Marseille – ISIS claimed responsibility for an attack, which saw a man stabbing to death two women at the main railway station in Marseille, southern France, before being shot by the police.
One of the victims had her throat slit by the assailant, a man with a criminal record believed to be in his 30s who witnesses said shouted “Allahu Akbar” (God is Greatest) at the start of his rampage, police sources told AFP.
Troops serving in the force known as Operation Sentinel, responded to the stabbings and they shot dead the attacker, whose identity remains unknown.
“Two victims have been stabbed to death,” regional police chief Olivier de Mazieres told AFP, referring to the attack, which occurred at 1:45pm.
In a statement released by its Amaq propaganda agency, ISIS claimed responsibility for the attack and said “the executor of the stabbing operation in the city of Marseille… is from the soldiers of ISIS.”

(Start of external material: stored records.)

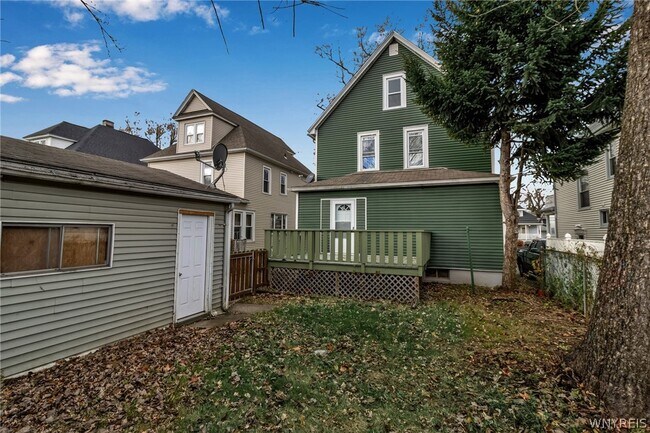 Building Photo - 37 Alsace Ave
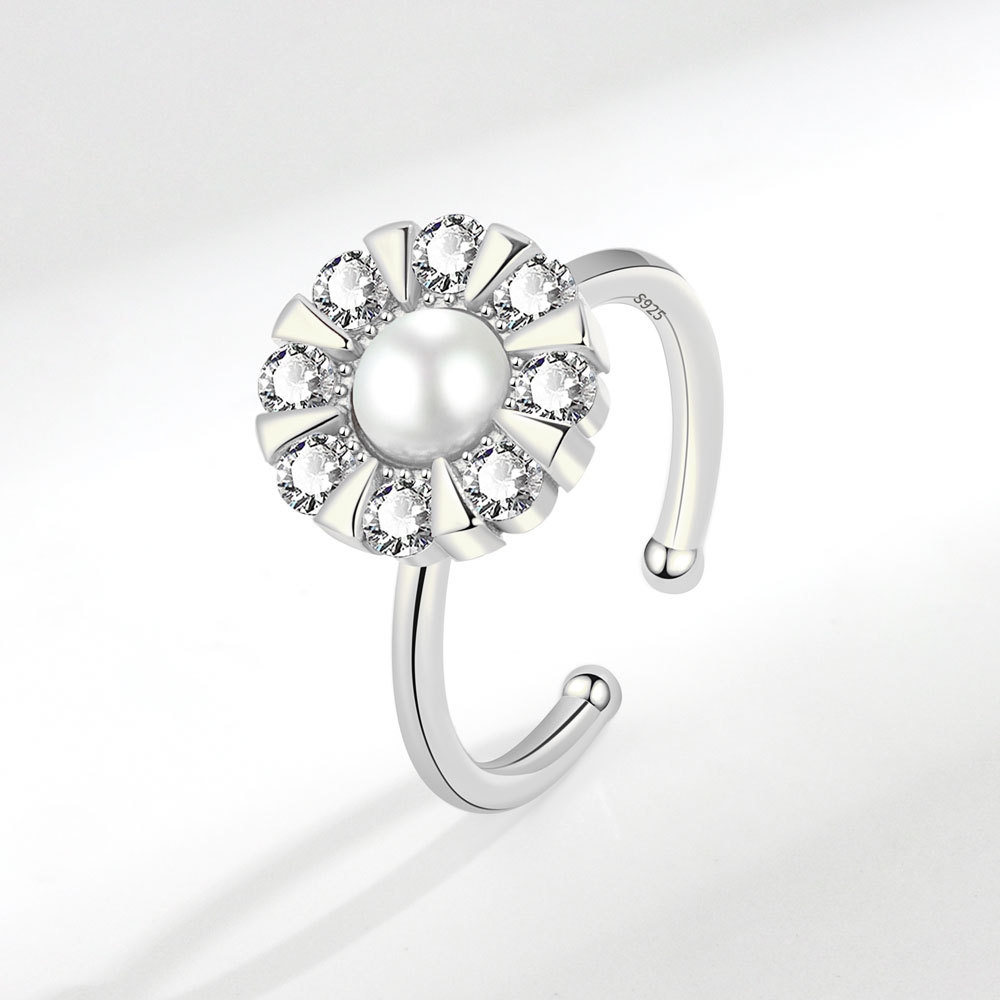 White gold color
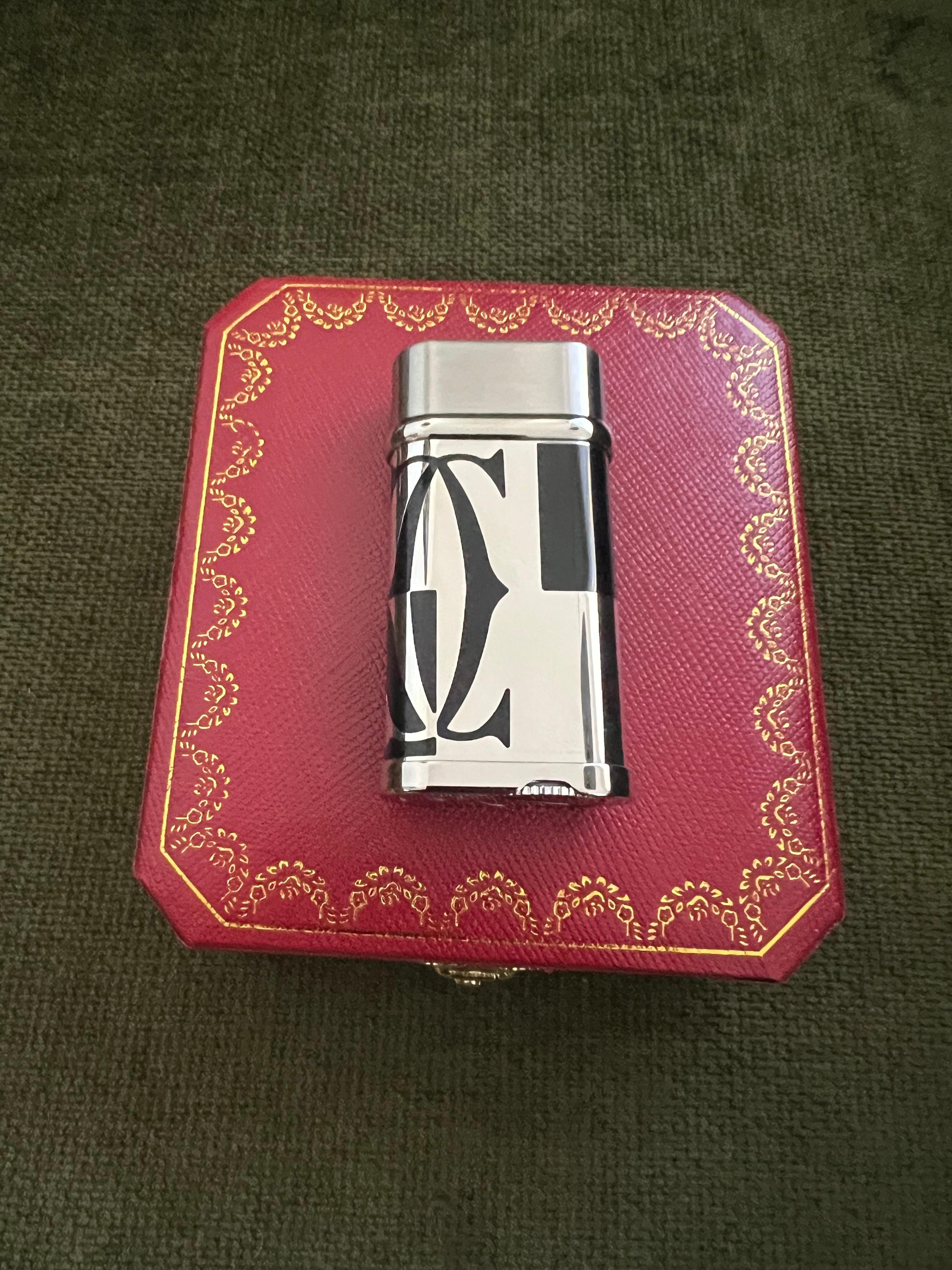 Le Must de Cartier Vintage Seltener Cartier Leuchte Schwarz Emaille Logo-Motiv Circa 90 (Retro) im Angebot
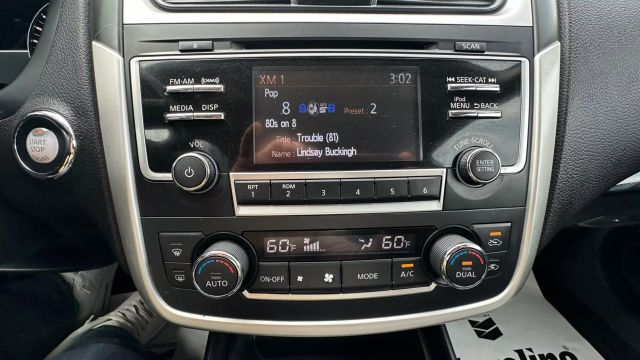 Vehicle image 10 of 45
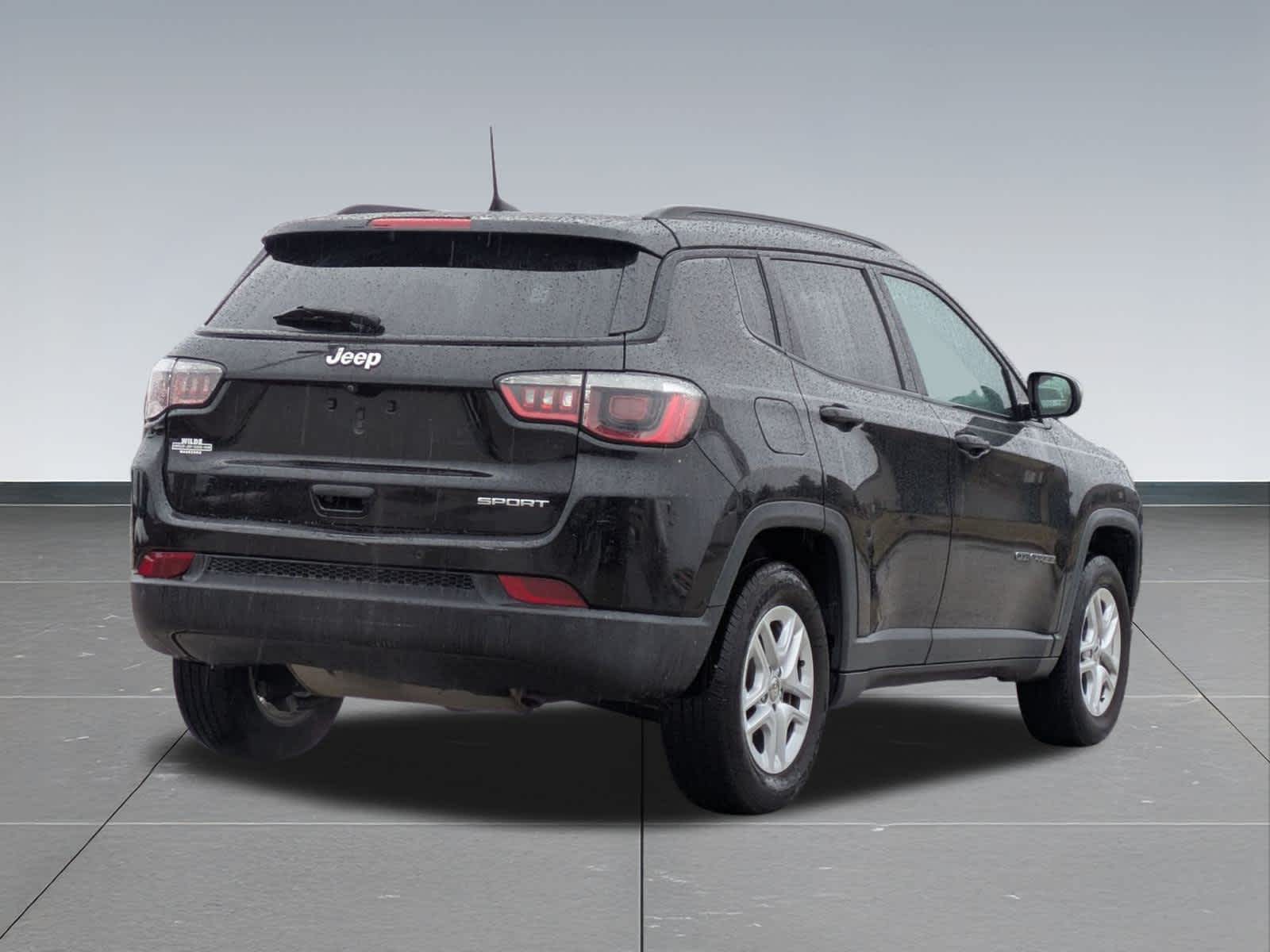 Thumbnail: 2018 Jeep Compass - 6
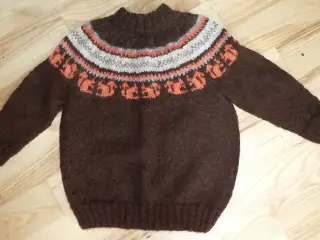 Hel ny, håndstrikket bluse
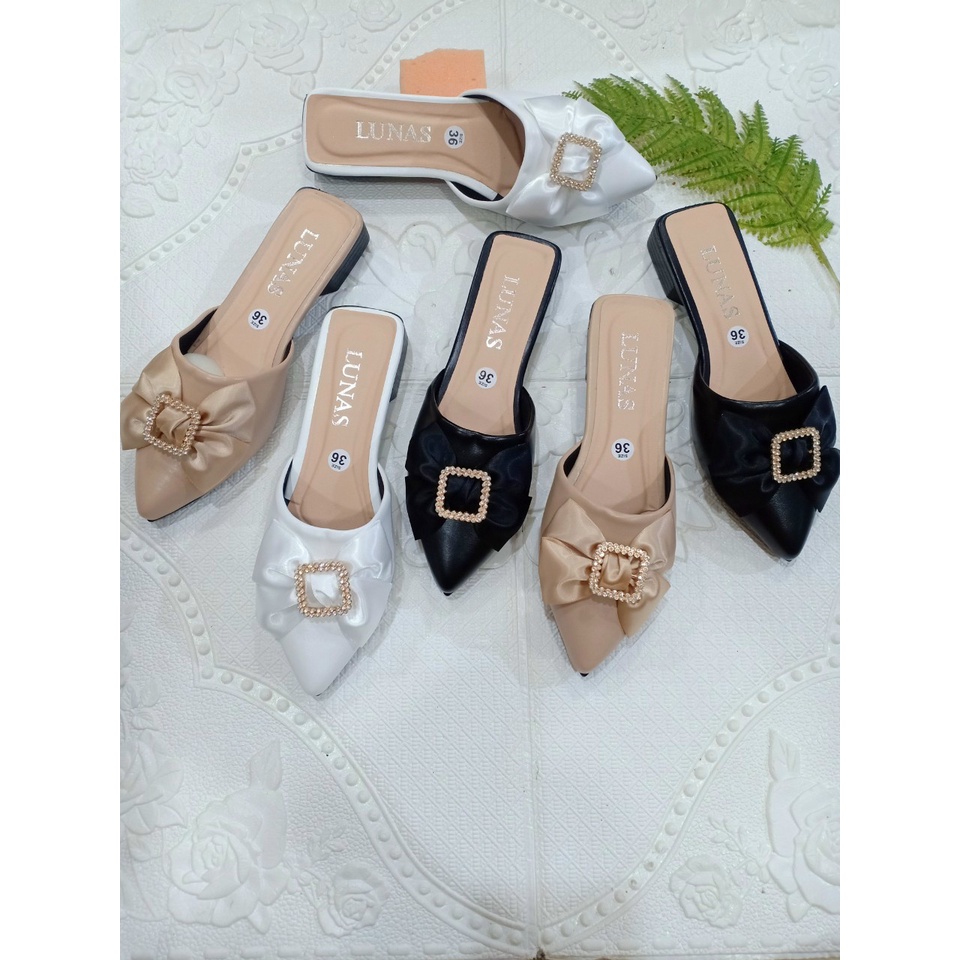 Dép sục nữ nơ lụa siêu xinh gắn tag đá cực hottrend đi chơi làm biển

“If the military had not been there, we would have had a lot more deaths,” Samia Ghali, lawmaker for the Marseille region, told France Bleu Province radio.
Reuters quoted one source as saying that the attacker was known to police for common law crimes, while another said digital analysis of fingerprints had come up with several aliases.
Afterwards, armed police were deployed in the location and all train traffic was stopped on one of the country’s busiest lines.
Sunday’s incident comes amid strong fears from possible terrorist attacks in France following the series of attacks executed by ISIS- or Qaeda-linked fundamentalists in the last years.
Since 2015, a total of 239 people have been killed in terrorist attacks in France, according to an AFP count before Sunday’s incident.
After the stabbings, anti-terror prosecutors said they had opened an investigation into “killings linked to a terrorist organization” and the “attempted killing of a public official.”